> **Required action**
Return the data below exactly, minus the pictures.

> **Given data**
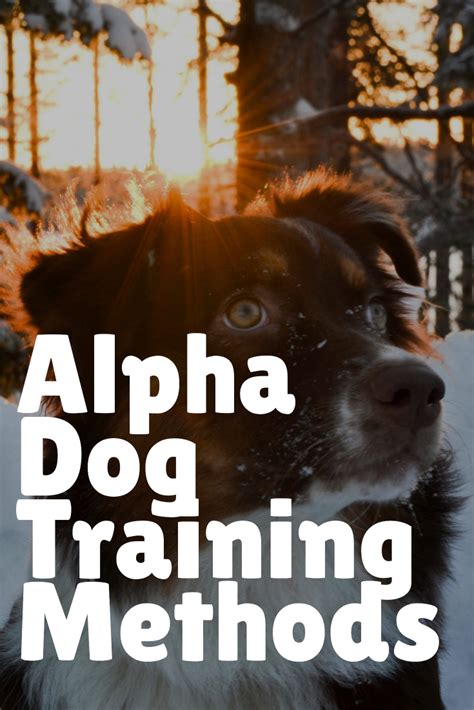 What Exactly Are Alpha Dog Training Methods Alpha Trained Dog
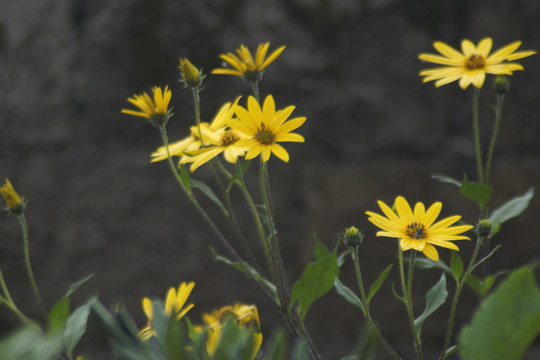 菊芋洋姜芋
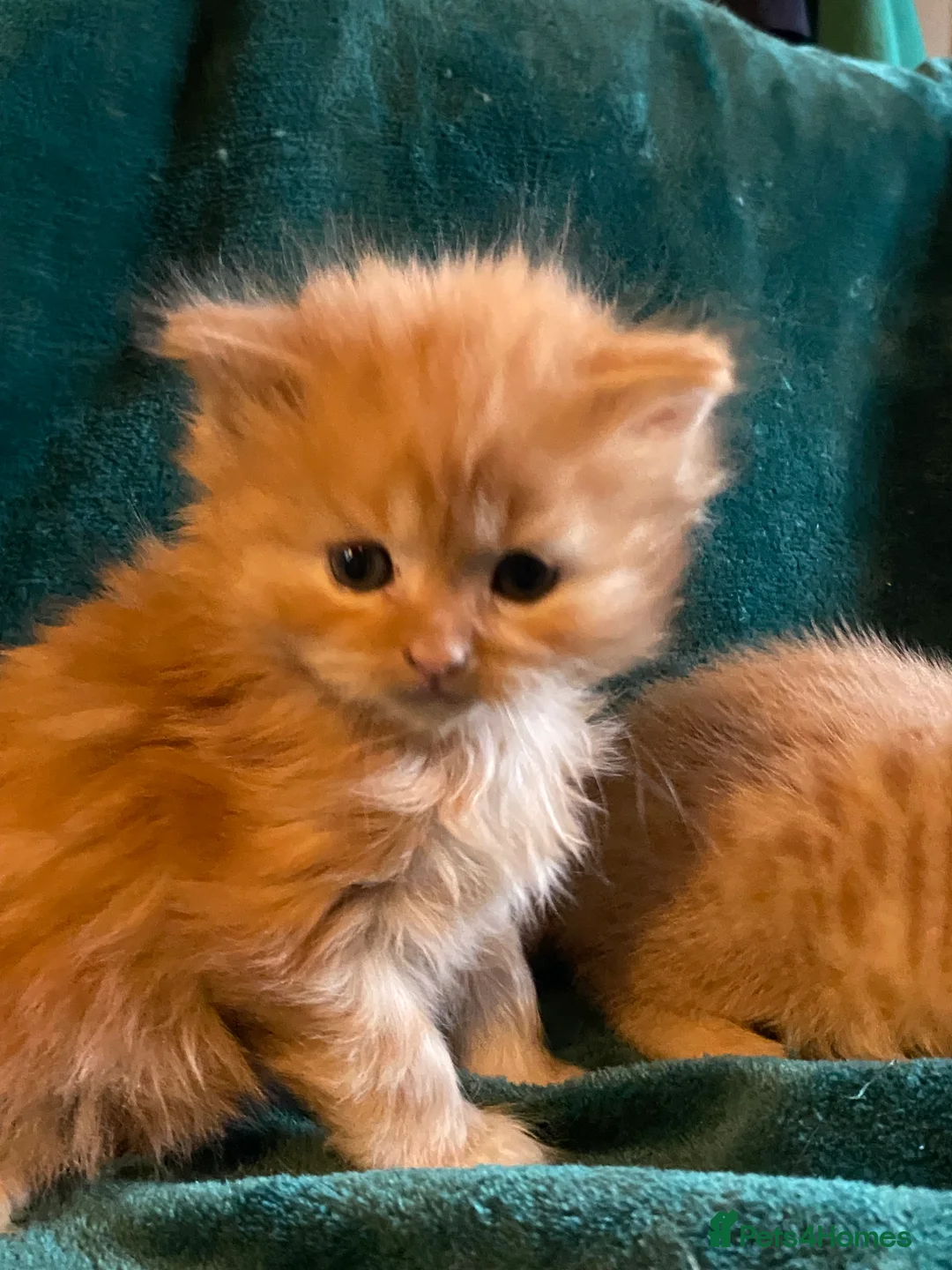 Scottish Fold cats for sale: ALL RESERVED NOW Scottish Straight Ginger Kittens - Advert 6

> **Answer space**
 What Exactly Are Alpha Dog Training Methods Alpha Trained Dog
 菊芋洋姜芋
 Scottish Fold cats for sale: ALL RESERVED NOW Scottish Straight Ginger Kittens - Advert 6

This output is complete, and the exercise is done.